No hay muchos ejemplos en el mundo de este tipo de gestos colectivos, sin convocatorias “sagradas” o “religiosas” sino realmente y auténticamente populares y políticas, en el gran sentido de la palabra política.

Es cierto que el éxodo estuvo bastante oculto, como también lo estuvo Artigas, pero fuimos capaces de incorporarlo a nuestra identidad, a nuestra verdadera historia y a nuestros mitos y eso también es muy valioso.

Cuando se habla de que los países de América Latina, surgidos a partir de la colonización luso-española, sufrieron una balcanización y que ese no era notoriamente el proyecto de Artigas, tiene una base cierta, material, basada en procesos económicos, sociales y culturales, donde también jugaron su papel las tradiciones locales, las emigraciones, las grandes producciones de cada región y su papel en la época del nacimiento de nuestros países. Pero las identidades hay que renovarlas, hay que enriquecerlas, no son un objeto muerto e inerte, que surge por contraposición con otros objetos con las mismas características de inmovilidad.

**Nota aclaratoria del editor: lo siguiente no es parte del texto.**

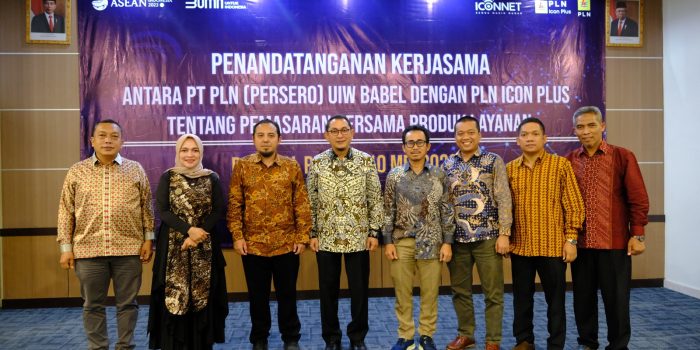 ICON Plus PLN Upgrade 100Gb melalui Backbone Kabel Listrik Sumatera – Bangka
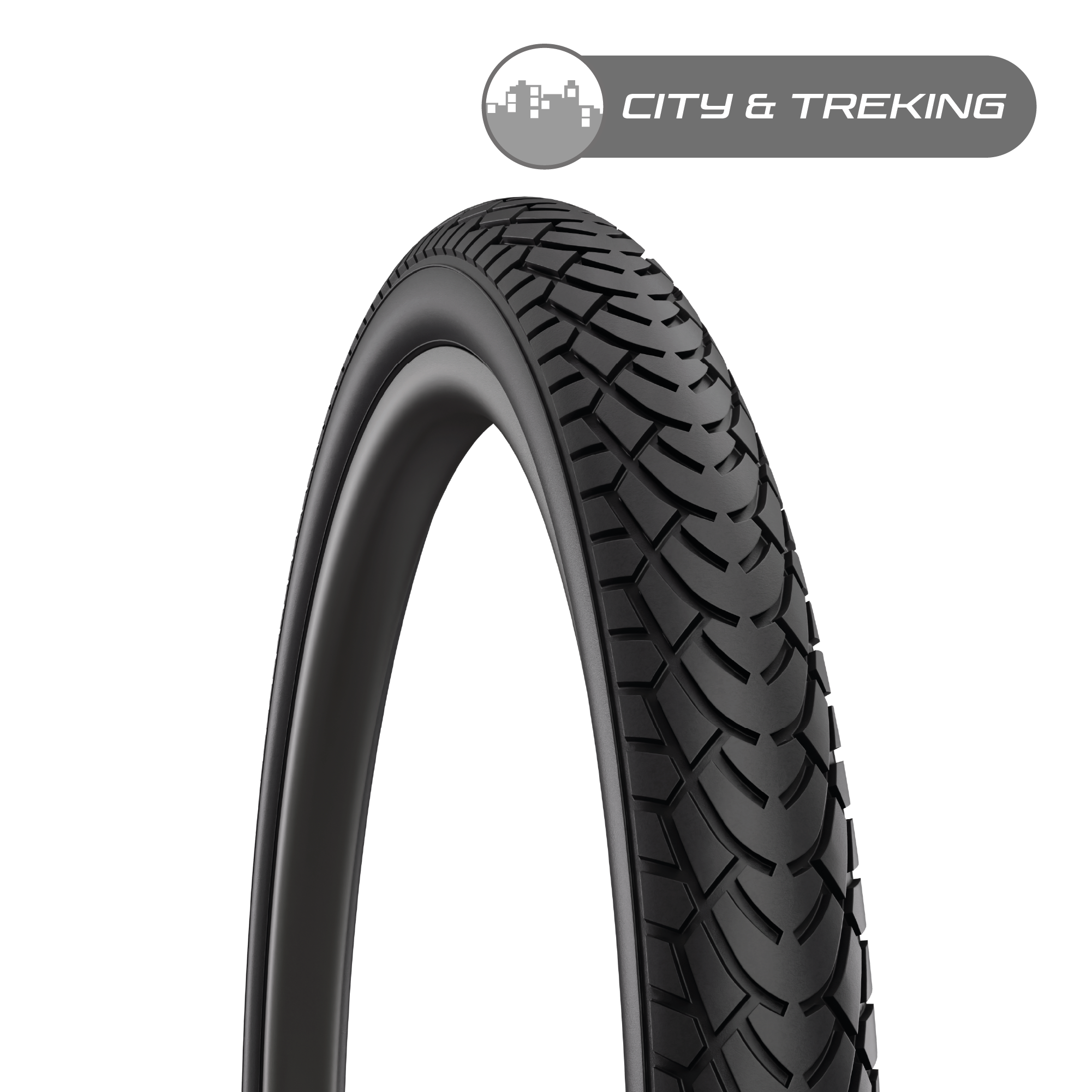 Walrus / City & Trek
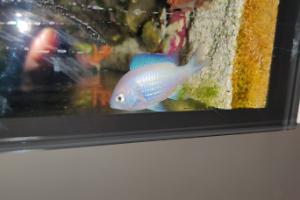 Green Chromis Thumbnail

Hay una frase de Wilson Ferreira Aldunate que me gusta recordar: el Uruguay debe ser una comunidad espiritual. La dictadura, sus atrocidades, sus heroísmos, la resistencia, pero también las traiciones nos ayudaron a construir una renovada comunidad espiritual, que hay que defender y regar todos los días con la mayor pluralidad. Considero que debe elevar la bandera de la democracia como su principal bandera. No solo la bandera institucional, partidaria, formal e importante de la democracia, sino con su profundo espíritu de constante renovación.

Solo una comunidad espiritual puede resistir con éxito los embates inexorables de este mundo en ebullición y de los dos gigantes que nos rodean. Una comunidad espiritual es también inteligencia, sensibilidad y capacidad de asumir las nuevas complejidades. No es un grito, son muchas voces, susurros, convocatorias, diferencias integradas en la identidad nacional. Que nunca excluyó a los extranjeros y que sin embargo fue feroz con sus pueblos indígenas. Las comunidades espirituales deben también asumir sus tragedias y sus culpas.